(Beginning of SOURCE MATERIAL)

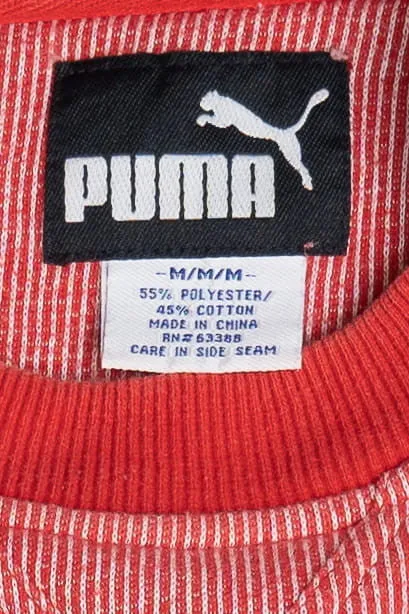 "Nebraska Huskers" Red Thin Striped Puma Sweatshirt (2000s)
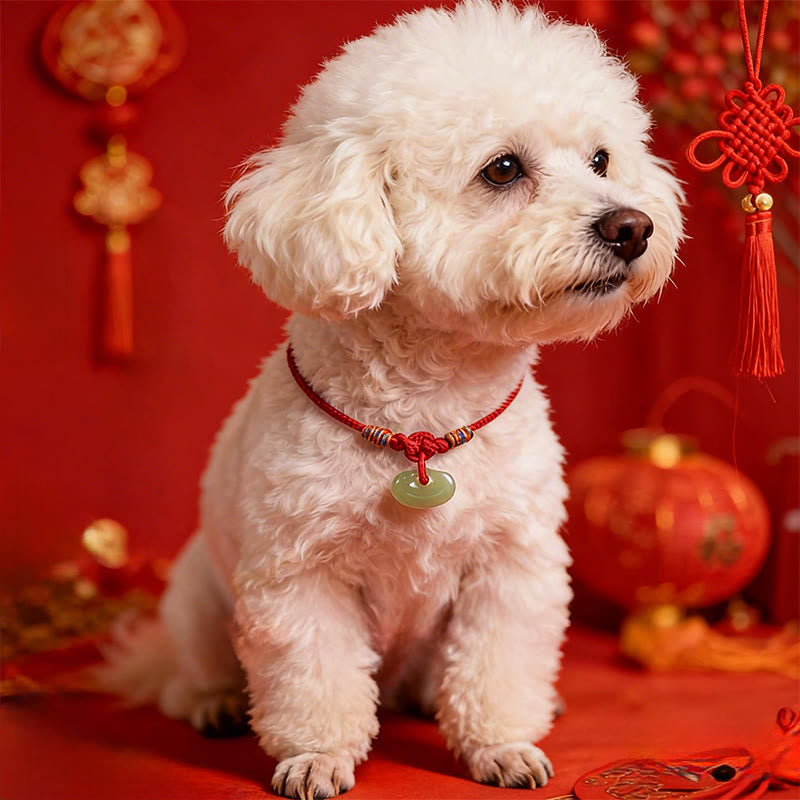 Nimara Ritual Red String Plaited Jade Protection Adjustable Cats Dogs Pet Collar
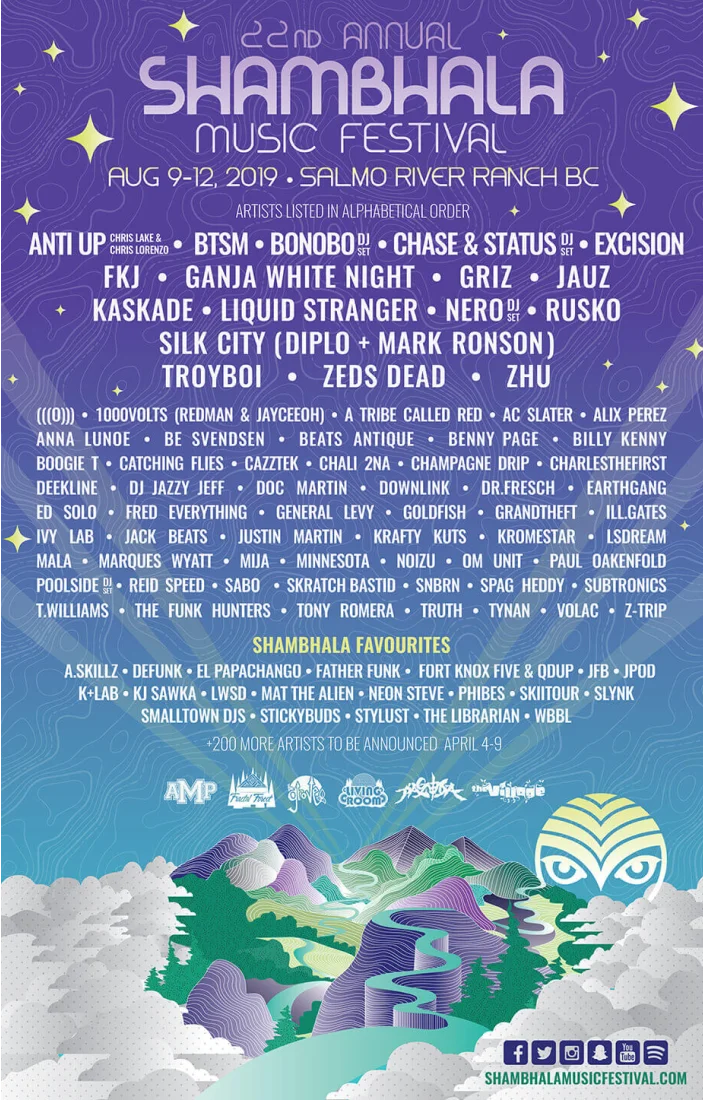 Shambhala Music Festival 2019 Lineup Poster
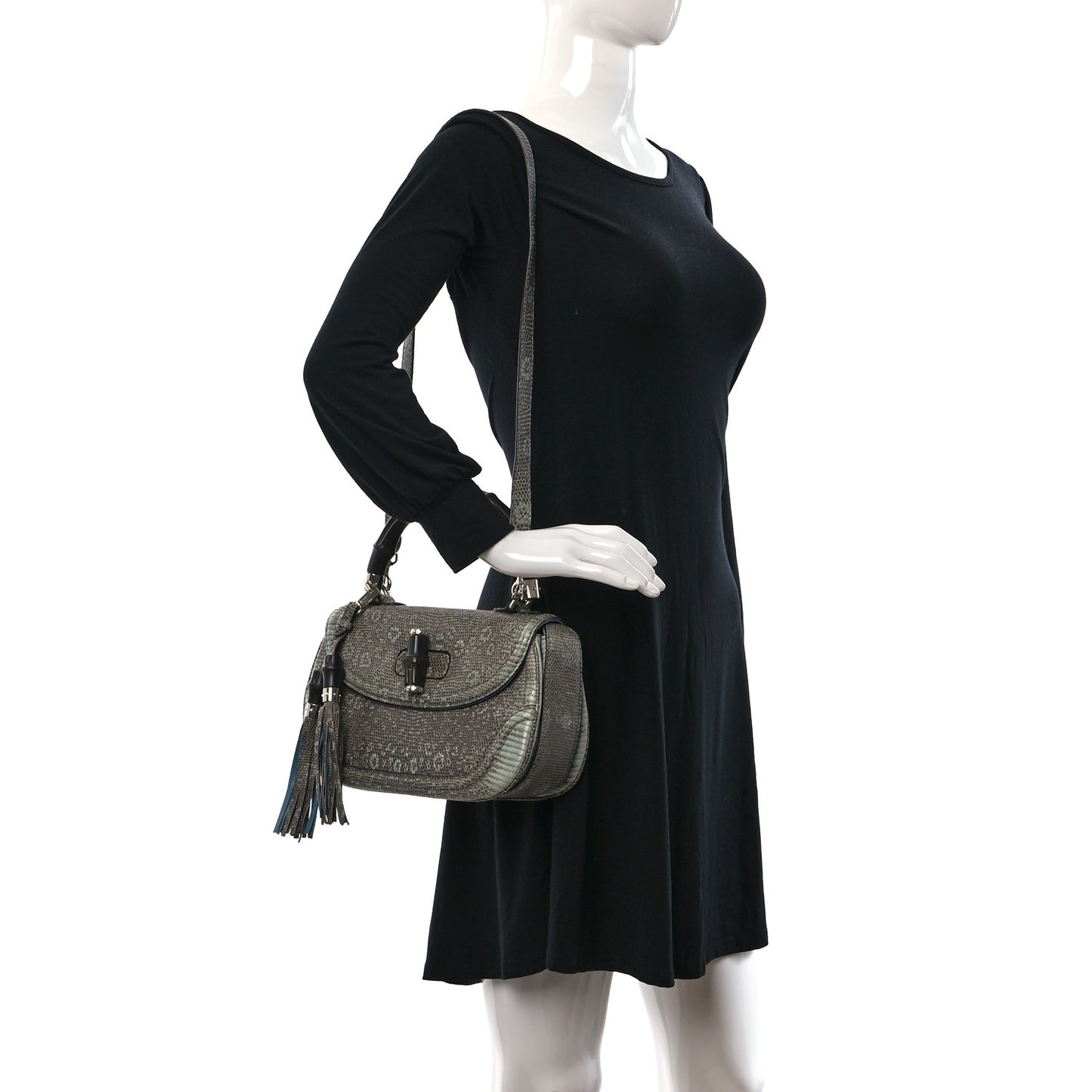 Calfskin Lizard Embossed Medium New Bamboo Top Handle Bag Blue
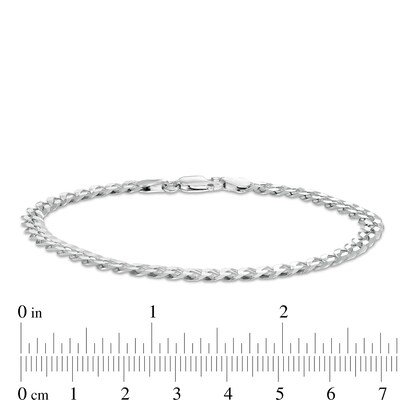 Made in Italy 100 Gauge Solid Flat Curb Link Chain Bracelet in Sterling Silver – 7.5"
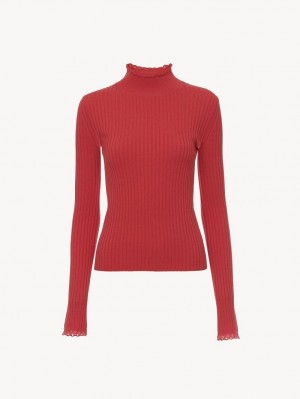 Knitwear Chloe Fitted High-neck Rose | CHE-SR13962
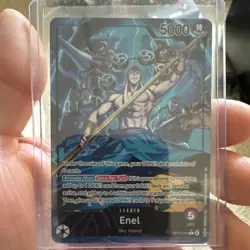 One Piece CCG Leader Card Enel OP15-058 5000 Power One Piece Franchise Card - Image 1
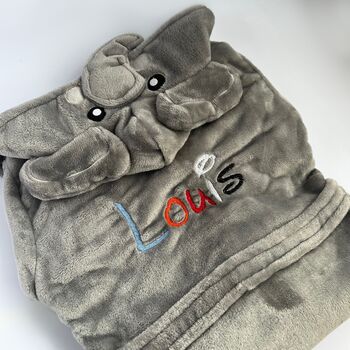 Personalised Grey Elephant Dressing Gown, 2 of 3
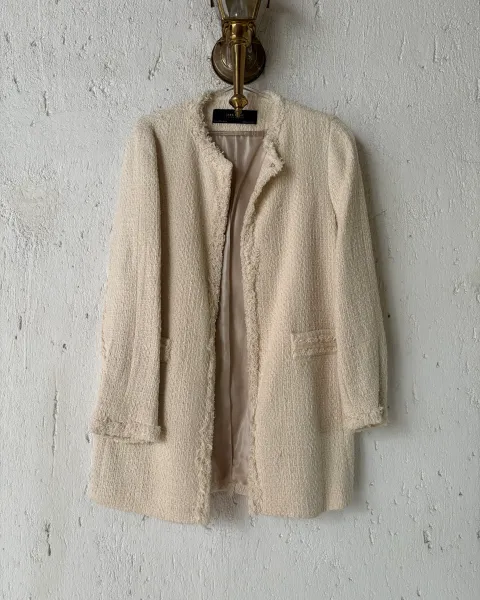Abrigo crema tweed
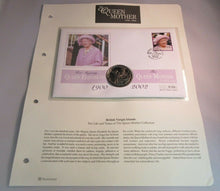 Load image into Gallery viewer, 1900-2002  HM QUEEN ELIZABETH THE QUEEN MOTHER MEMORIAL PROOF $1 COINCOVER PNC
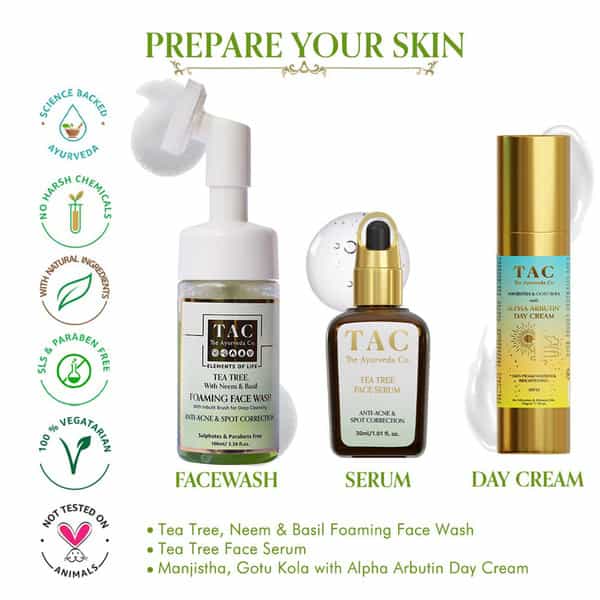 Tac - The Ayurveda Co. Tea Tree Foaming Face Wash With Neem & Basil - 100Ml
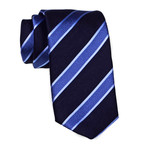 Striped Tie // Navy + Light Blue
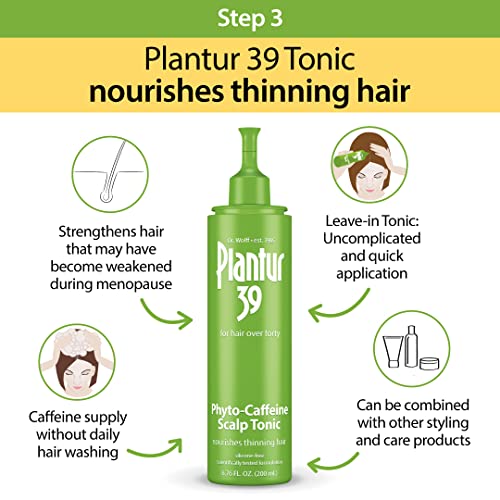 Plantur 39 Phyto-Caffeine Women's 3-Step System for Colored, Stressed Hair - Shampoo (8.45 fl), Conditioner (5.07 fl), Tonic (6.76 fl)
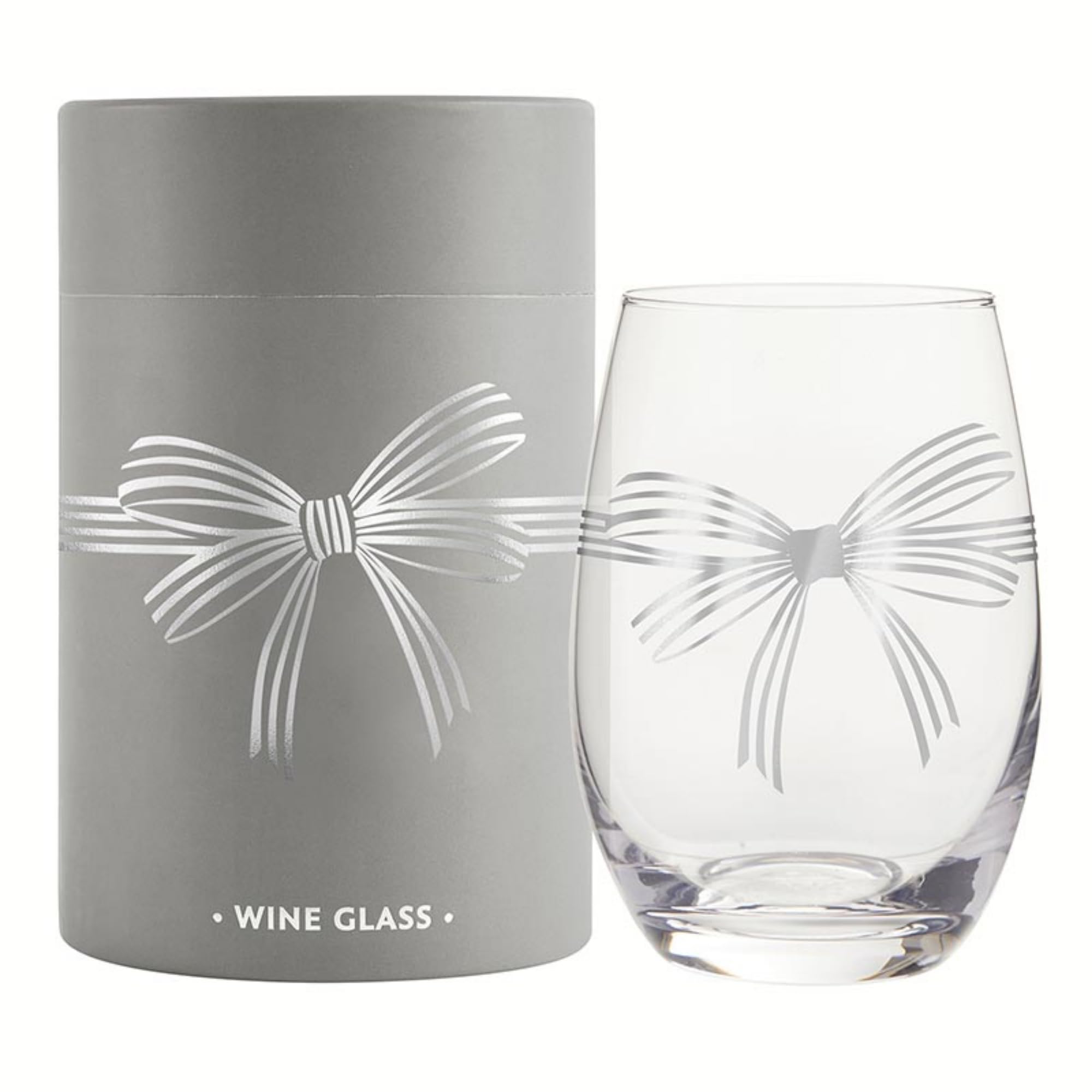Verre à vin haut de gamme 500 ml orné d'un élégant nœud argenté satiné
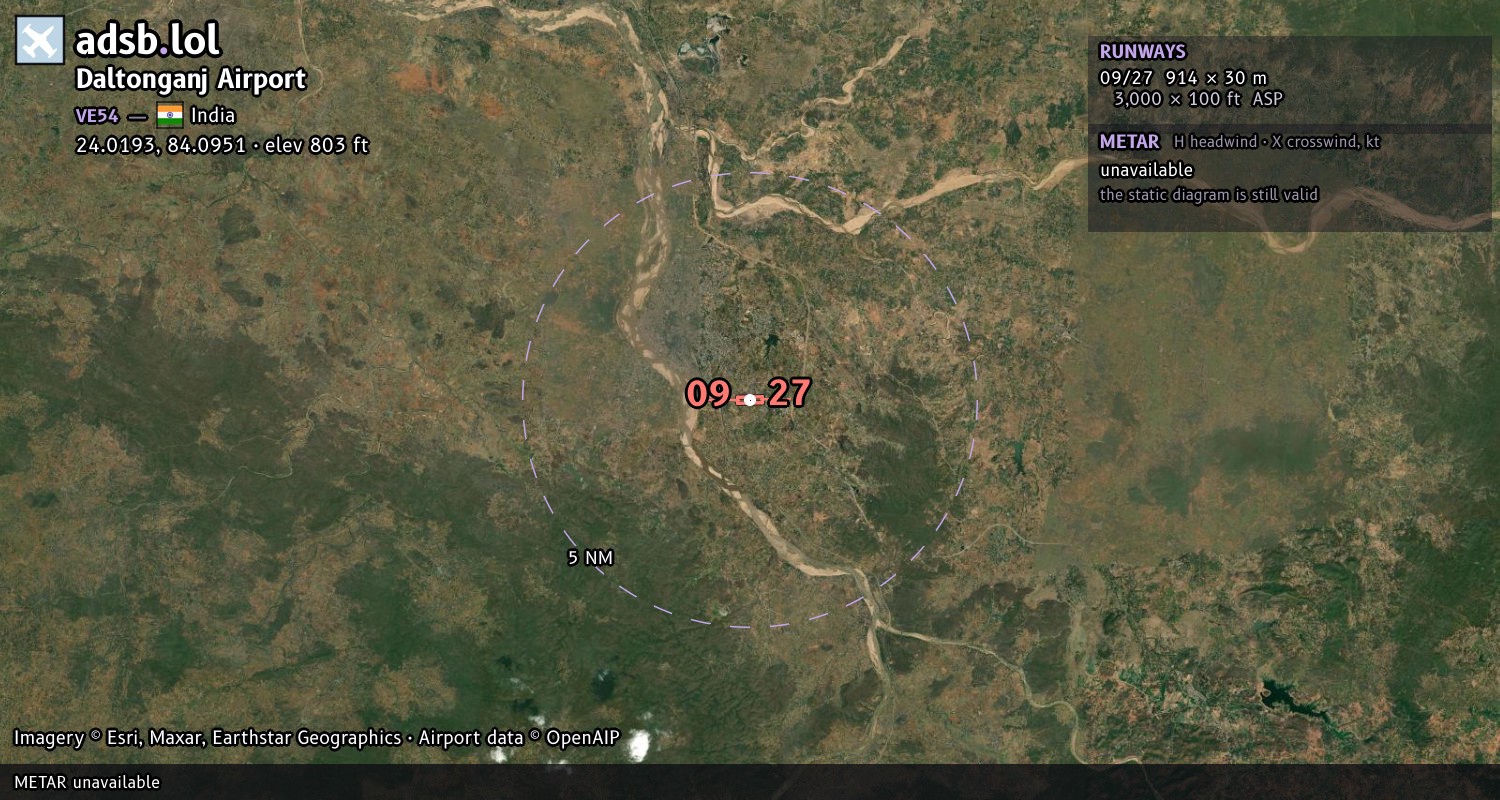 Satellite map with the runway layout of Daltonganj Airport (VE54)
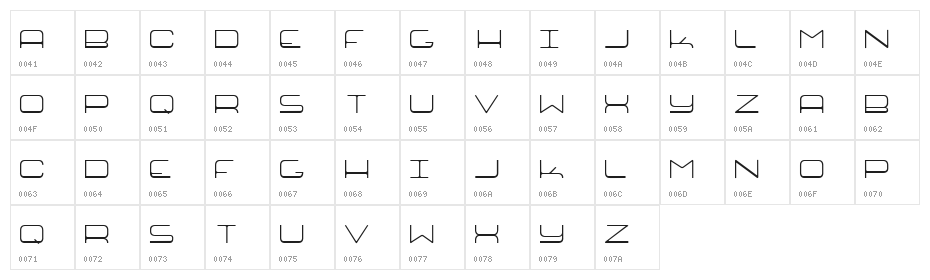 ECROBIAL Character Map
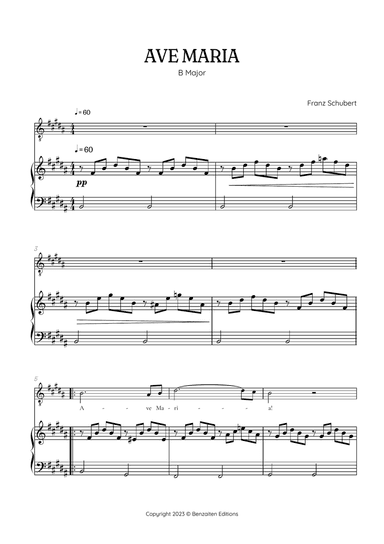 Schubert Ave Maria in B Major • tenor voice sheet music with easy piano accompaniment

(End of SOURCE MATERIAL)

» **PROBLEM STATEMENT**:
The records above are to be transcribed in full, with images omitted.

» **RESULT OF THIS TASK**:
 "Nebraska Huskers" Red Thin Striped Puma Sweatshirt (2000s)
 Nimara Ritual Red String Plaited Jade Protection Adjustable Cats Dogs Pet Collar
 Shambhala Music Festival 2019 Lineup Poster
 Calfskin Lizard Embossed Medium New Bamboo Top Handle Bag Blue
 Made in Italy 100 Gauge Solid Flat Curb Link Chain Bracelet in Sterling Silver – 7.5"
 Knitwear Chloe Fitted High-neck Rose | CHE-SR13962
 One Piece CCG Leader Card Enel OP15-058 5000 Power One Piece Franchise Card - Image 1
 Personalised Grey Elephant Dressing Gown, 2 of 3
Abrigo crema tweed
 Load image into Gallery viewer, 1900-2002  HM QUEEN ELIZABETH THE QUEEN MOTHER MEMORIAL PROOF $1 COINCOVER PNC
 Tac - The Ayurveda Co. Tea Tree Foaming Face Wash With Neem & Basil - 100Ml
 Striped Tie // Navy + Light Blue
 Plantur 39 Phyto-Caffeine Women's 3-Step System for Colored, Stressed Hair - Shampoo (8.45 fl), Conditioner (5.07 fl), Tonic (6.76 fl)
Verre à vin haut de gamme 500 ml orné d'un élégant nœud argenté satiné
 Satellite map with the runway layout of Daltonganj Airport (VE54)
 ECROBIAL Character Map
 Schubert Ave Maria in B Major • tenor voice sheet music with easy piano accompaniment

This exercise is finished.